Video game publisher Electronic Arts hired Dave Madden to head up its global media sales efforts. Madden joins the company from casual gaming site WildTangent, replacing Elizabeth Harz who held the post until earlier this year.
Speaking with ClickZ this week, Madden said EA plans to focus its attention on providing brands with cross-platform solutions, spanning its range of social, mobile, online, and console properties and gaming franchises. “Today the concept in-game advertising is much more about a range of platforms,” he said, referencing properties such as its casual gaming site Playfish and its range of mobile games.
The company is working on a system that will allow advertisers to dynamically place advertiser content across multiple devices and touch points, which it plans to sell to advertisers on a package basis. “My intent is to simplify the process for advertisers to place ads across multiple platforms, and then give them measurable results to benchmark across different media,” Madden said.
It’s not just about display ads, though, and Madden described his belief in the importance of a value exchange between consumers and brands within gaming environments.
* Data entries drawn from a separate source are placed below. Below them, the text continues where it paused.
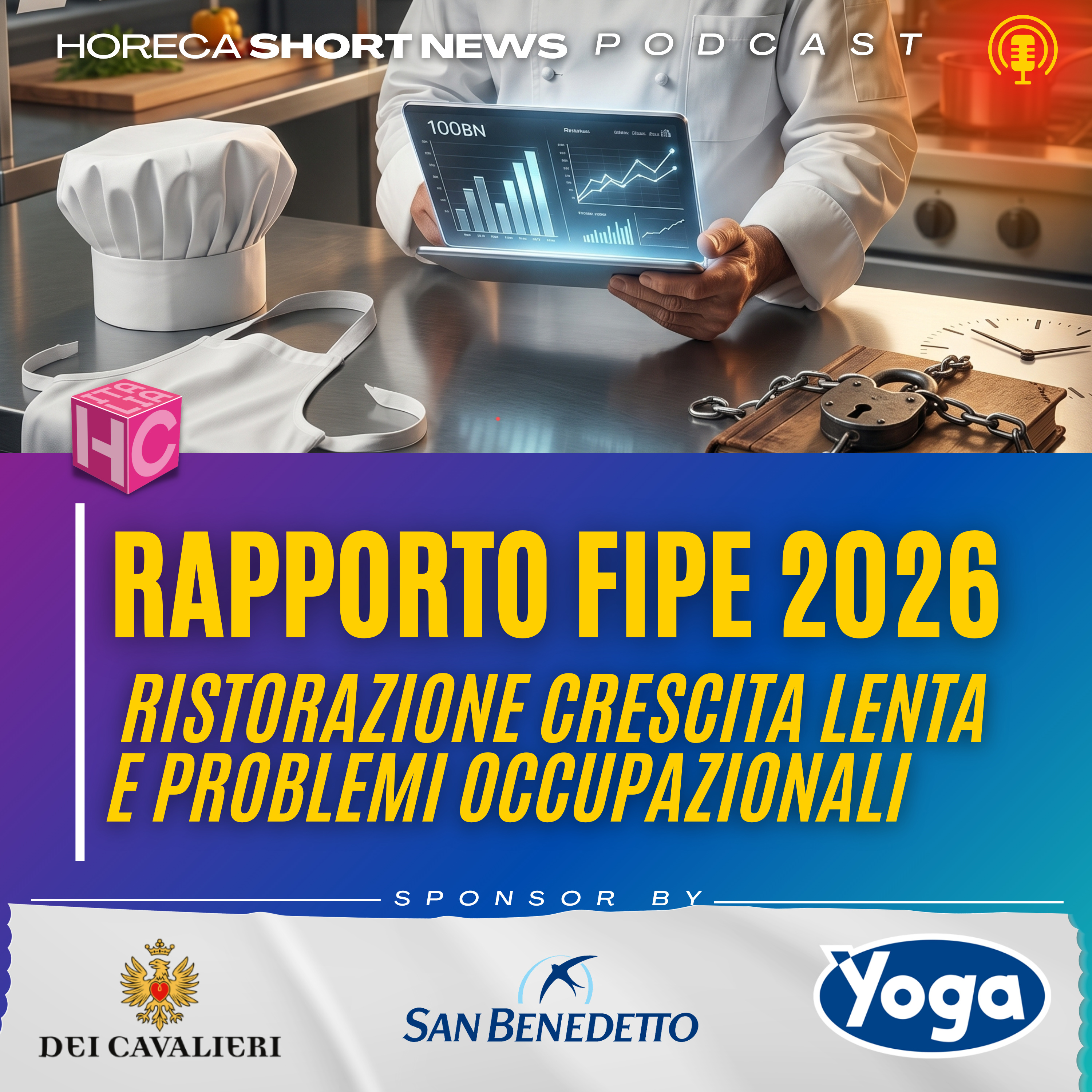 🔎Presentato il rapporto FIPE 2026  🍽️Ristorazione Crescita lenta e problemi occupazionali  📊Ma il comparto è resiliente  👁️Domani a spunti di vista parliamo di Soft Clubbing  episode artwork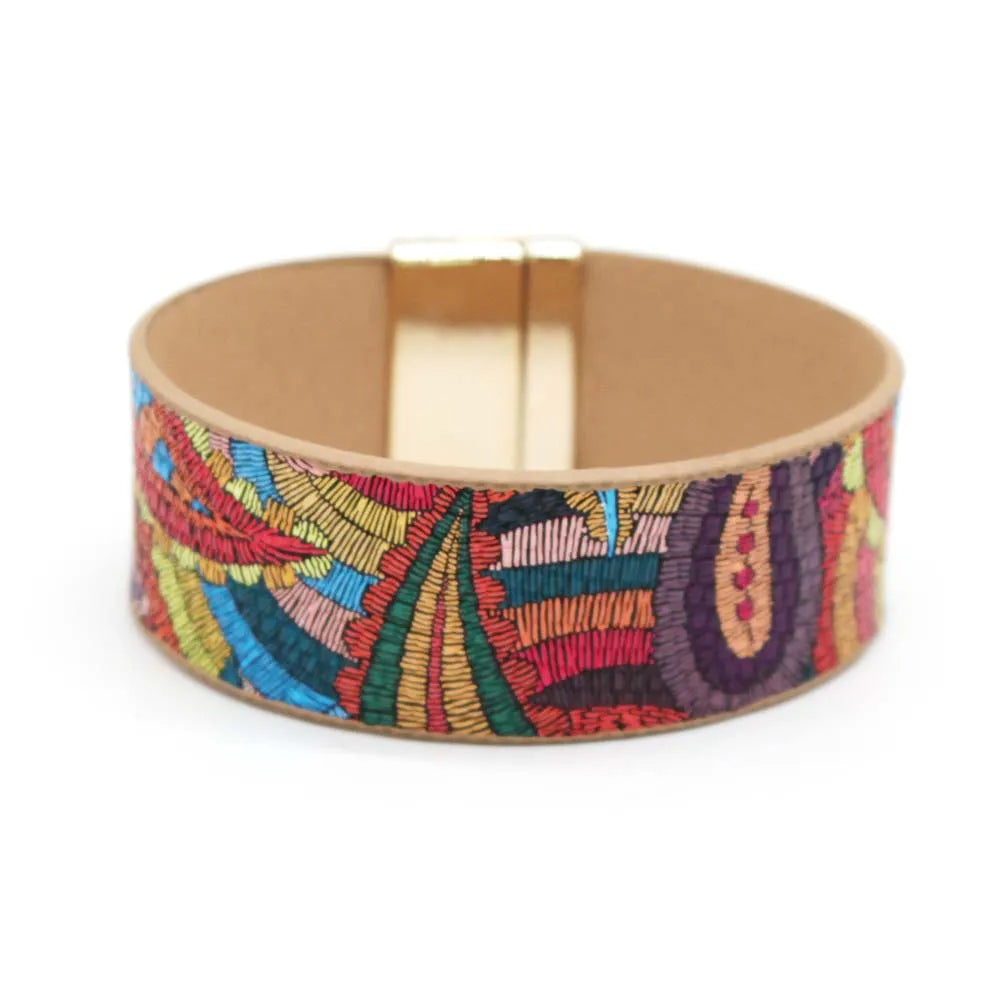 Brown Leather Cuff Women's Bracelet - Pexav
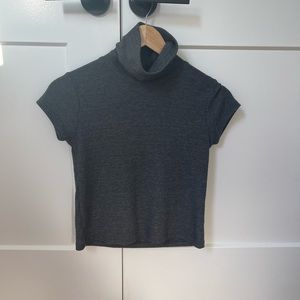 Brandy Melville John Galt California Crop Turtle Neck Short Sleeve Size Small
For example, consumers react best to brands that enhance their in-game experience, or aid their progress, he said.
One example of such integration was a recent Toyota Prius campaign conducted with Playfish’s Monopoly Millionaires title, which lives on the Facebook platform. Users were given the opportunity to earn an “eco-house” which provided them with advantages in the game, and encouraged them to share the content with their friends.
“Consumers understand that they’re getting something in return, and their attention is more focused. That value exchange will create implicit value for brands,” Madden said. Monopoly Millionnaires currently reaches a monthly average of 6.3 million users, according to EA.
Beyond Facebook and the web, EA also plans to implement similar integrations across mobile and console games, and to create consistent ad experiences across those platforms. “To some extent advertising dollars follow eyeballs. Gaming is the number one activity on Facebook, on the iPad, on the iPhone. It’s inevitable that brands will want to reach people during those experiences, and the time is right to focus on getting a great platform in place to make that easy,” Madden said.
The console space is also becoming more sophisticated in terms of marketing content, Madden implied, with an increasing number of titles utilizing tools such as Facebook and Twitter from within the games themselves. EA brings in a range of major brand integrations for its console games, especially sports franchises such as its NFL and soccer-related titles.
In addition it will continue to offer dynamic in-game ads, which Madden said there is still “strong demand” for. Last year the company brought its in-game ad sales in-house, ending a relationship with Microsoft-owned network Massive.
According to Madden, EA now has “one of the largest, if not the largest” in-game media sales forces in the world. The majority of that staff is based in North America and London, he said, but continues to expand on a global basis. He declined to identify the number of employees on the sales team.